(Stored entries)

'''

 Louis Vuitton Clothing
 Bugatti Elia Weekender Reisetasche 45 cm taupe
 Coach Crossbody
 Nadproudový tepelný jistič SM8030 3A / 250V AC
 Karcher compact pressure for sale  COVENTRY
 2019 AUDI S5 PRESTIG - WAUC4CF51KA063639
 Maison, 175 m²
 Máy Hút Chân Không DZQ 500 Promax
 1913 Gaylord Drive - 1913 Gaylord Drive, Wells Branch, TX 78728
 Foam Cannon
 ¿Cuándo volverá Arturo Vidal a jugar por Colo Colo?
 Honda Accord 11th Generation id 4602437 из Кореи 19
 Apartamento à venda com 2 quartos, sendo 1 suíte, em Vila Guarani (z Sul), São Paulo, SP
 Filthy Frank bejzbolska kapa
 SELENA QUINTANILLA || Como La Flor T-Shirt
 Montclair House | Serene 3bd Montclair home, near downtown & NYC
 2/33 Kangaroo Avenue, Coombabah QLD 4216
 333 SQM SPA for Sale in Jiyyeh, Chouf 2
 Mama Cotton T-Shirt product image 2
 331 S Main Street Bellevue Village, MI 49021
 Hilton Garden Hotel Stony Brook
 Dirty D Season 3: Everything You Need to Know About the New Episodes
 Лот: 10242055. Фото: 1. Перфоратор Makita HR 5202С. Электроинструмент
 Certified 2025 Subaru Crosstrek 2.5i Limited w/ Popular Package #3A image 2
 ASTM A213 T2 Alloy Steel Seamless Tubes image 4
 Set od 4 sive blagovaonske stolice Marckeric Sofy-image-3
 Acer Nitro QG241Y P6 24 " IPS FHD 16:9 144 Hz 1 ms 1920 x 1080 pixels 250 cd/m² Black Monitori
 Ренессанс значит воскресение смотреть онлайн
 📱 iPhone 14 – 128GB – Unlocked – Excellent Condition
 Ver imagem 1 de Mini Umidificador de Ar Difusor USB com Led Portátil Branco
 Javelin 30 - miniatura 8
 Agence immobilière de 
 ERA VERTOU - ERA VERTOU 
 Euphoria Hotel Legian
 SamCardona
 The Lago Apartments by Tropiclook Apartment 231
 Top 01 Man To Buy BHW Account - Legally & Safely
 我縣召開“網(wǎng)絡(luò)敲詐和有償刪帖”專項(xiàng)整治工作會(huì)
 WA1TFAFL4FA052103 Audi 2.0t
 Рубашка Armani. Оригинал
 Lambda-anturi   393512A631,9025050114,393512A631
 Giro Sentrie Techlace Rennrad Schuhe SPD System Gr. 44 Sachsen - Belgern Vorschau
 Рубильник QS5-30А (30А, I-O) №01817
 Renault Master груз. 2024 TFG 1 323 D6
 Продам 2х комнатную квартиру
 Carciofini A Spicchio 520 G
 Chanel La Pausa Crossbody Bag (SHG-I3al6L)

'''

* _AIM OF THE EXERCISE_: All of the records above are to be printed again exactly as they appear.

* _EXERCISE OUTPUT_:
 Louis Vuitton Clothing
 Bugatti Elia Weekender Reisetasche 45 cm taupe
 Coach Crossbody
 Nadproudový tepelný jistič SM8030 3A / 250V AC
 Karcher compact pressure for sale  COVENTRY
 2019 AUDI S5 PRESTIG - WAUC4CF51KA063639
 Maison, 175 m²
 Máy Hút Chân Không DZQ 500 Promax
 1913 Gaylord Drive - 1913 Gaylord Drive, Wells Branch, TX 78728
 Foam Cannon
 ¿Cuándo volverá Arturo Vidal a jugar por Colo Colo?
 Honda Accord 11th Generation id 4602437 из Кореи 19
 Apartamento à venda com 2 quartos, sendo 1 suíte, em Vila Guarani (z Sul), São Paulo, SP
 Filthy Frank bejzbolska kapa
 SELENA QUINTANILLA || Como La Flor T-Shirt
 Montclair House | Serene 3bd Montclair home, near downtown & NYC
 2/33 Kangaroo Avenue, Coombabah QLD 4216
 333 SQM SPA for Sale in Jiyyeh, Chouf 2
 Mama Cotton T-Shirt product image 2
 331 S Main Street Bellevue Village, MI 49021
 Hilton Garden Hotel Stony Brook
 Dirty D Season 3: Everything You Need to Know About the New Episodes
 Лот: 10242055. Фото: 1. Перфоратор Makita HR 5202С. Электроинструмент
 Certified 2025 Subaru Crosstrek 2.5i Limited w/ Popular Package #3A image 2
 ASTM A213 T2 Alloy Steel Seamless Tubes image 4
 Set od 4 sive blagovaonske stolice Marckeric Sofy-image-3
 Acer Nitro QG241Y P6 24 " IPS FHD 16:9 144 Hz 1 ms 1920 x 1080 pixels 250 cd/m² Black Monitori
 Ренессанс значит воскресение смотреть онлайн
 📱 iPhone 14 – 128GB – Unlocked – Excellent Condition
 Ver imagem 1 de Mini Umidificador de Ar Difusor USB com Led Portátil Branco
 Javelin 30 - miniatura 8
 Agence immobilière de 
 ERA VERTOU - ERA VERTOU 
 Euphoria Hotel Legian
 SamCardona
 The Lago Apartments by Tropiclook Apartment 231
 Top 01 Man To Buy BHW Account - Legally & Safely
 我縣召開“網(wǎng)絡(luò)敲詐和有償刪帖”專項(xiàng)整治工作會(huì)
 WA1TFAFL4FA052103 Audi 2.0t
 Рубашка Armani. Оригинал
 Lambda-anturi   393512A631,9025050114,393512A631
 Giro Sentrie Techlace Rennrad Schuhe SPD System Gr. 44 Sachsen - Belgern Vorschau
 Рубильник QS5-30А (30А, I-O) №01817
 Renault Master груз. 2024 TFG 1 323 D6
 Продам 2х комнатную квартиру
 Carciofini A Spicchio 520 G
 Chanel La Pausa Crossbody Bag (SHG-I3al6L)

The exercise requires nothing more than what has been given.